"""

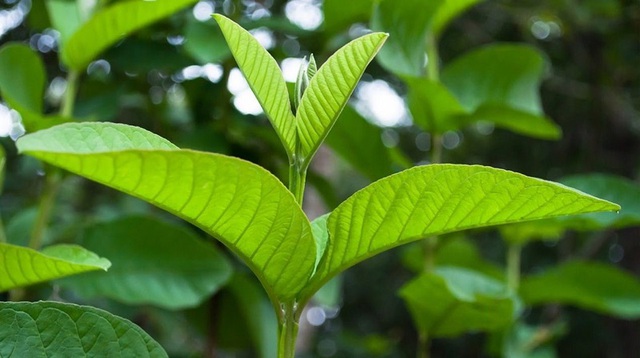 Loại lá có tác dụng chữa bệnh mọc đầy nhà, biết cách chế biến thành món ăn càng tốt cho sức khỏe- Ảnh 2.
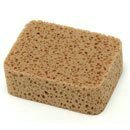 ponges
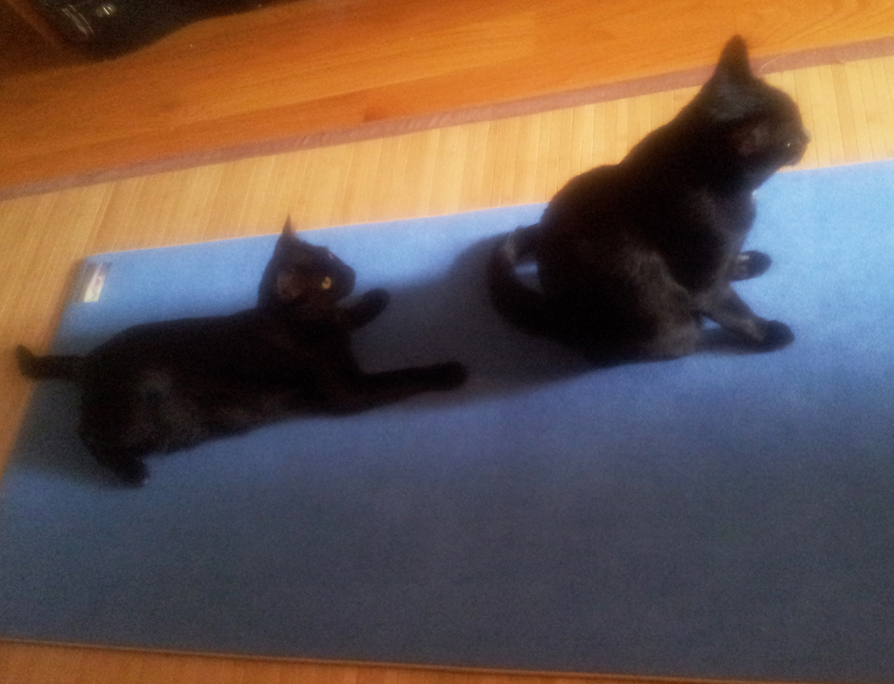 used yoga mat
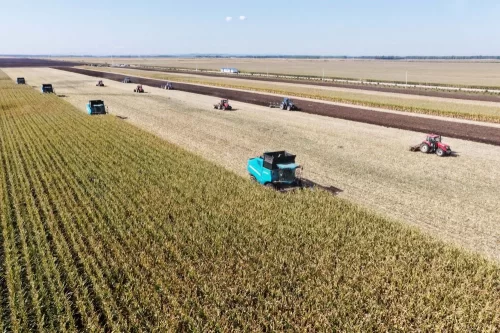 深刻揭示新时代发展规律——习近平经济思想引领新时代经济工作述评之二(图9)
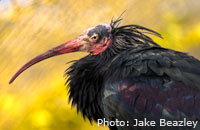 Northern Bald Ibis (Geronticus eremita), Photo: Jake Beazley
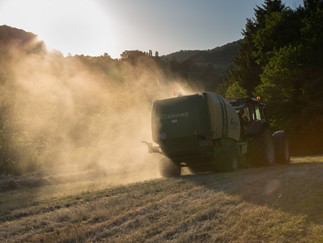 Agriculture 4.jpg
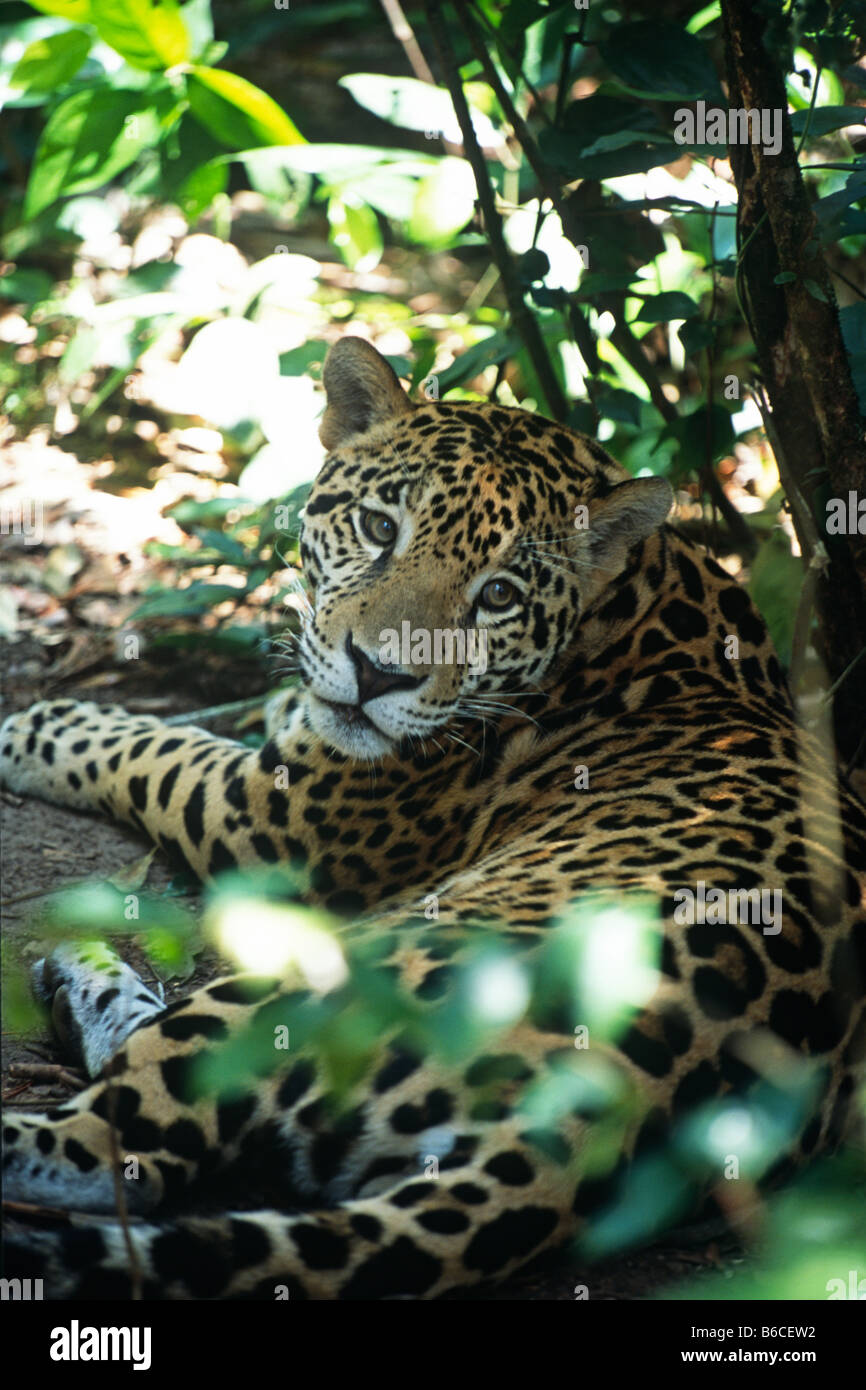 Jaguar (Panthera Onca) Festlegung inmitten von Laub im Belize Zoo Stockfoto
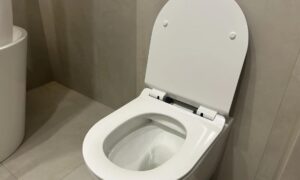 Чистка унитаза.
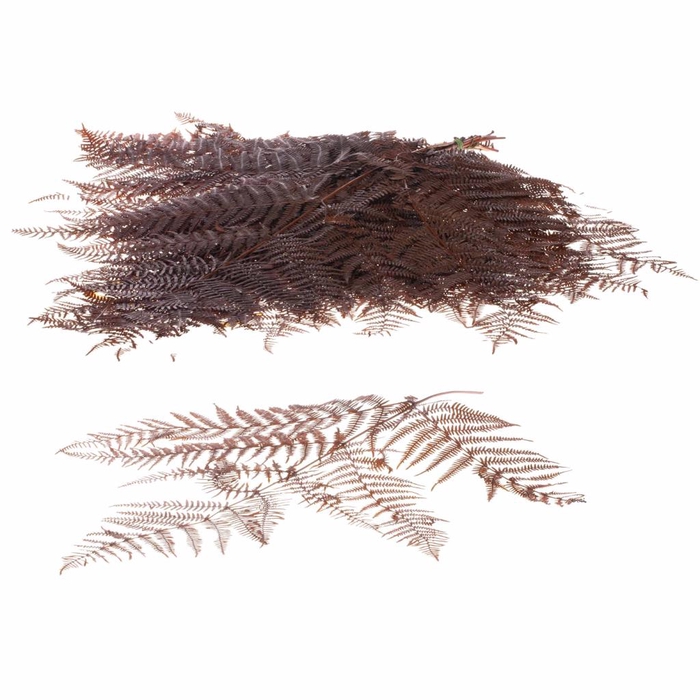 Bracken Fern Preserved 10pc Deep Brown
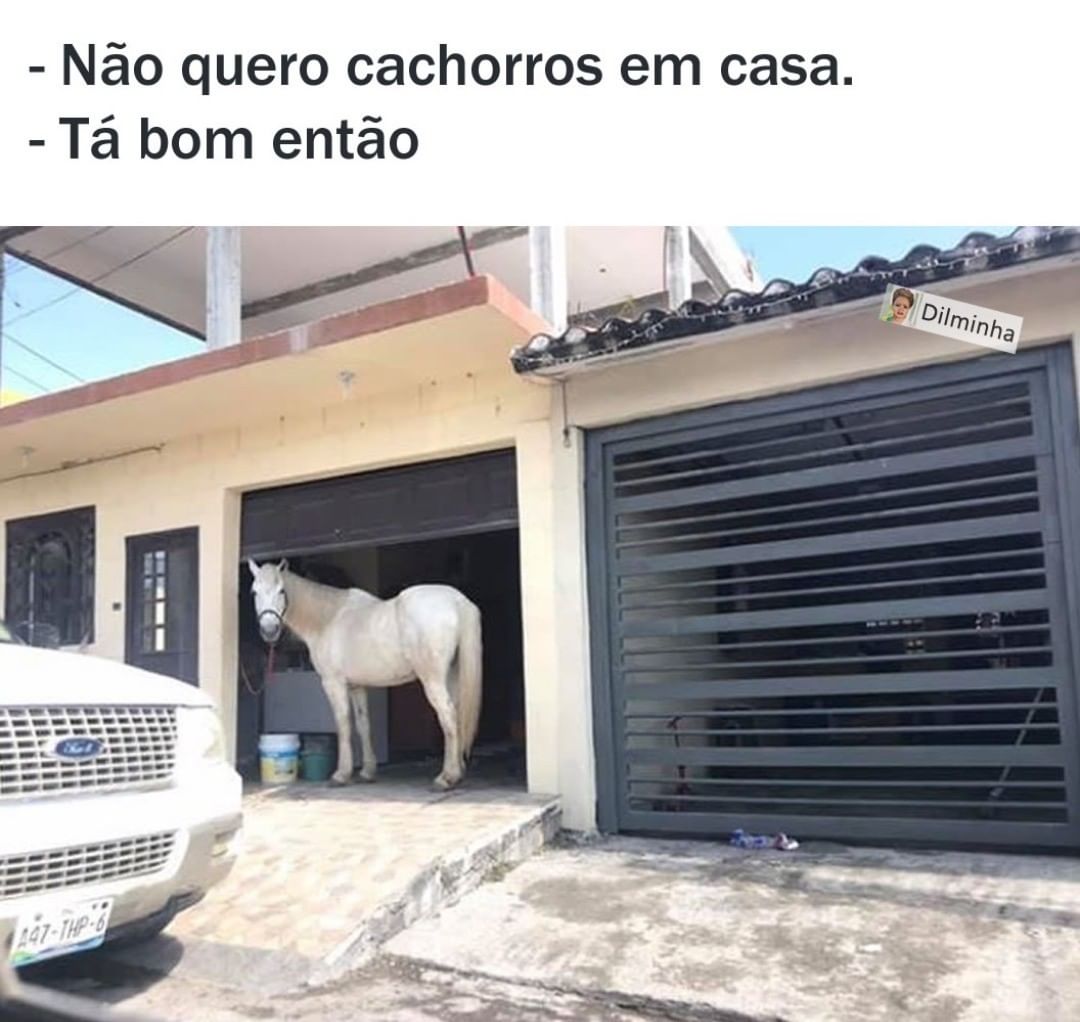 Não quero cachorros em casa. Tá bom então.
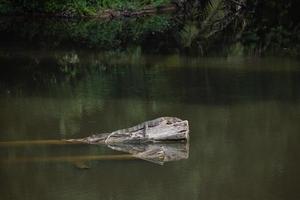 amphibians perched on a log photo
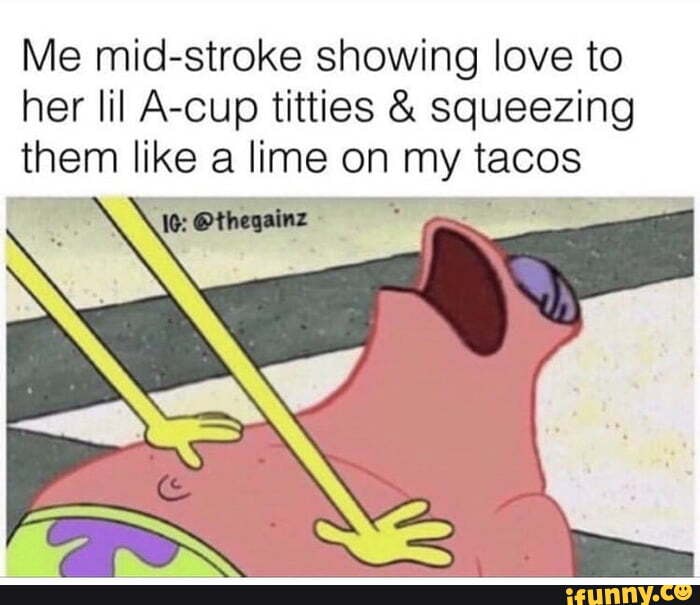 Me mid-stroke showing love to her IiI A-Cup titties & squeezing them like a  lime on my tacos 1a- - iFunny Brazil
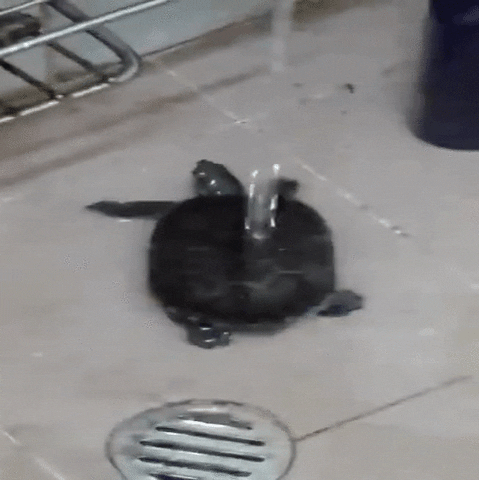 time shower GIF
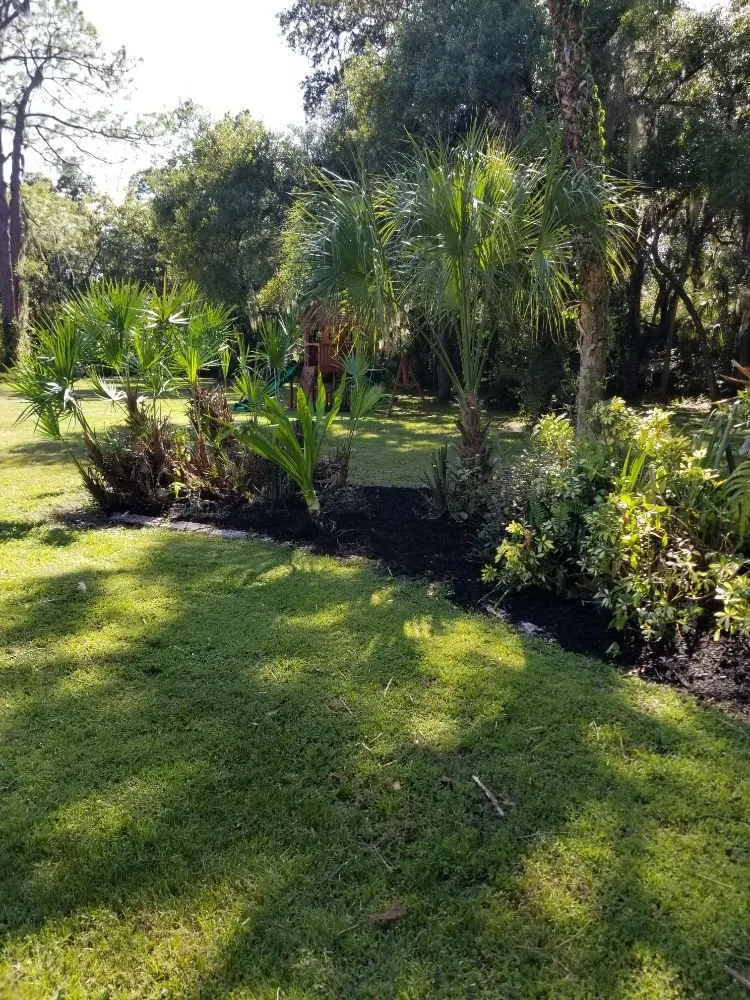 Expert yard maintenance in Ellenton, FL - Little River Lawn Service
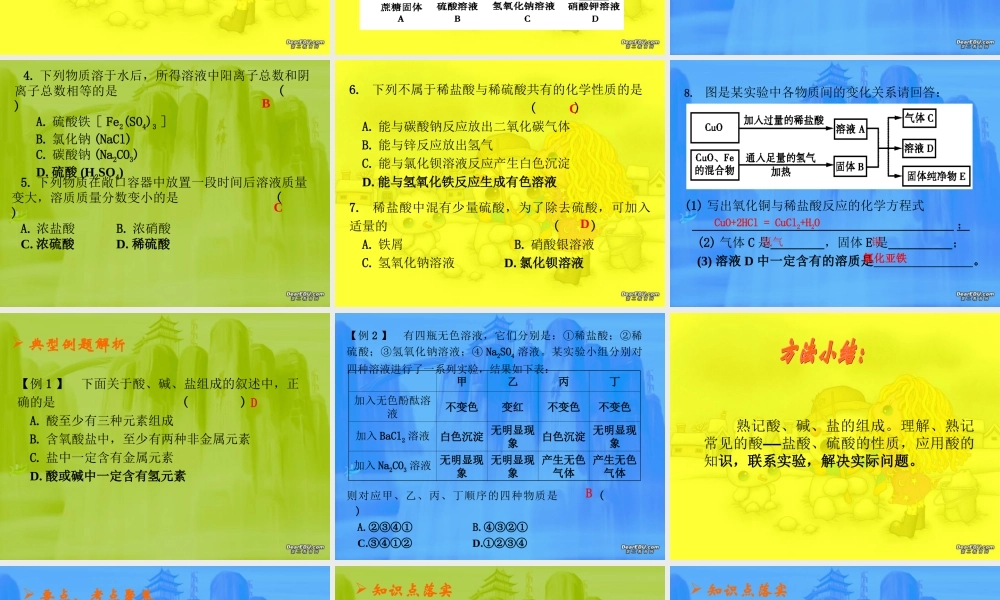 浙教版初三化学复习课件 酸碱盐 课件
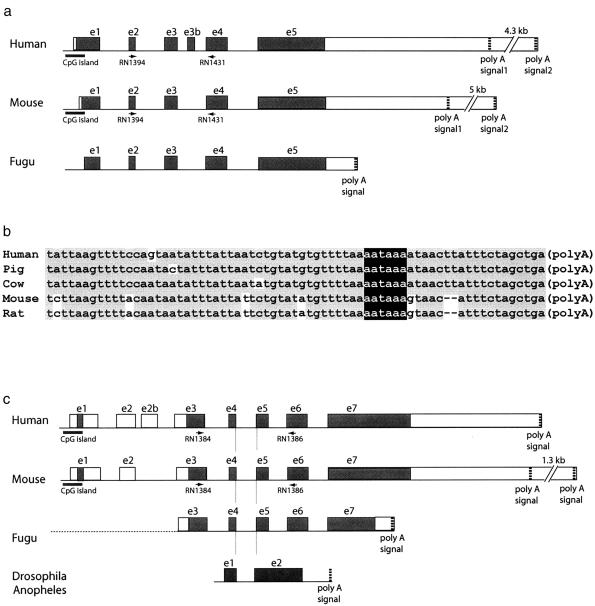 Figure  3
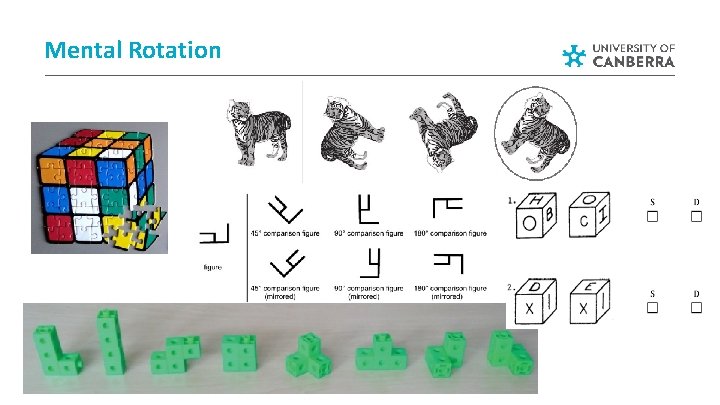 Mental Rotation Mental Rotation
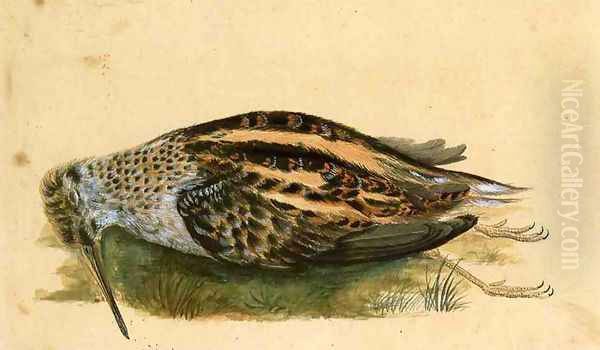 Woodcock Oil Painting by John James Audubon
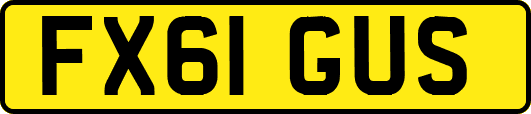 FX61GUS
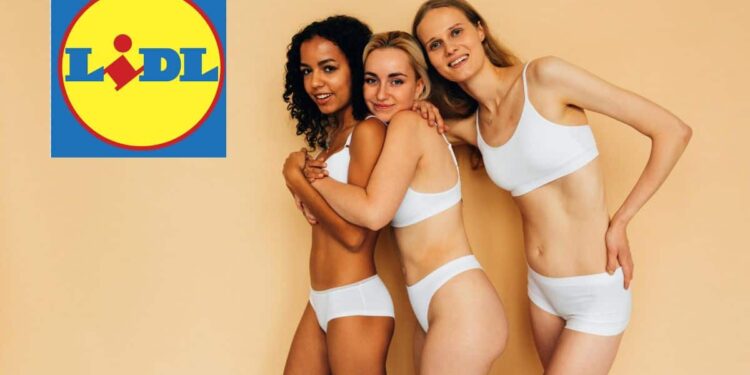 lingerie da donna in offerta da lidl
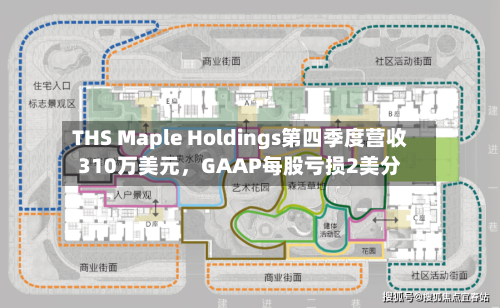 THS Maple Holdings第四季度营收310万美元，GAAP每股亏损2美分-第3张图片
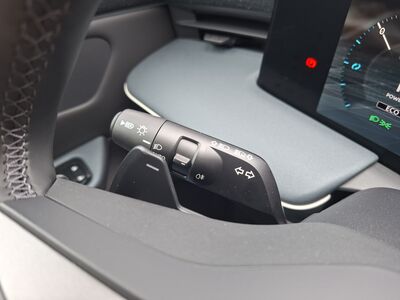 Nissan Leaf Neuwagen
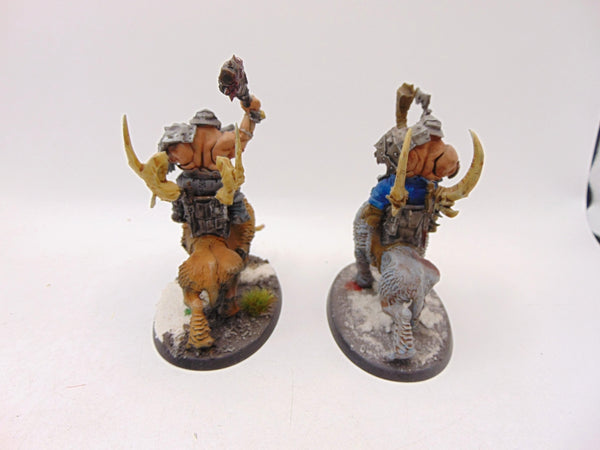 Mournfang Cavalry Pack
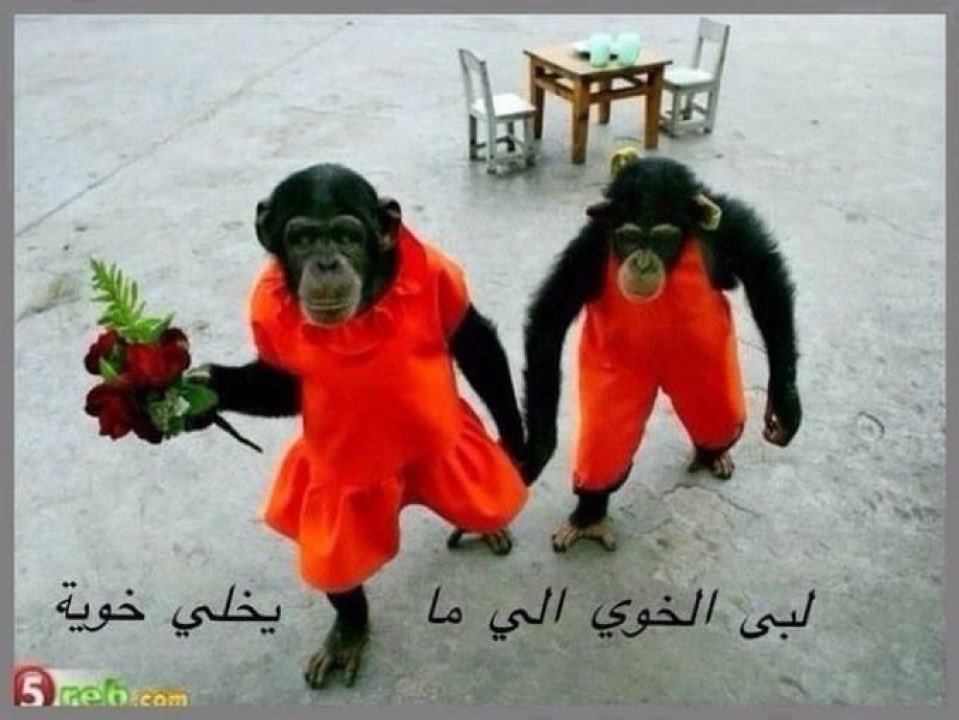A10_rt's tweet photo. عودة العلاقات 😻 https://t.co/U1D7lFyHME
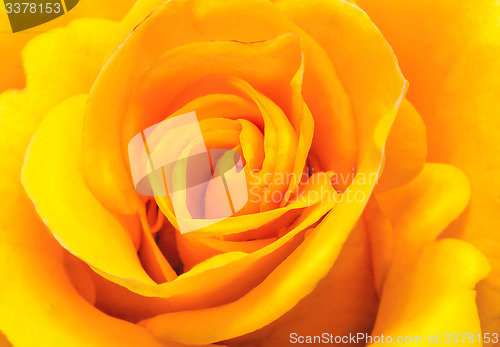 Image of Flower beautiful delicate rose yellow closeup..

"""

From the line containing "Bracken Fern Preserved 10pc Deep Brown" to the end of the data above, give those lines again verbatim, with both endpoints included and no images.

 Bracken Fern Preserved 10pc Deep Brown
 Não quero cachorros em casa. Tá bom então.
 amphibians perched on a log photo
 Me mid-stroke showing love to her IiI A-Cup titties & squeezing them like a  lime on my tacos 1a- - iFunny Brazil
 time shower GIF
 Expert yard maintenance in Ellenton, FL - Little River Lawn Service
 浙教版初三化学复习课件 酸碱盐 课件
 Figure  3
 Mental Rotation Mental Rotation
 Woodcock Oil Painting by John James Audubon
 FX61GUS
 lingerie da donna in offerta da lidl
 THS Maple Holdings第四季度营收310万美元，GAAP每股亏损2美分-第3张图片
 Nissan Leaf Neuwagen
 Mournfang Cavalry Pack
A10_rt's tweet photo. عودة العلاقات 😻 https://t.co/U1D7lFyHME
 Image of Flower beautiful delicate rose yellow closeup..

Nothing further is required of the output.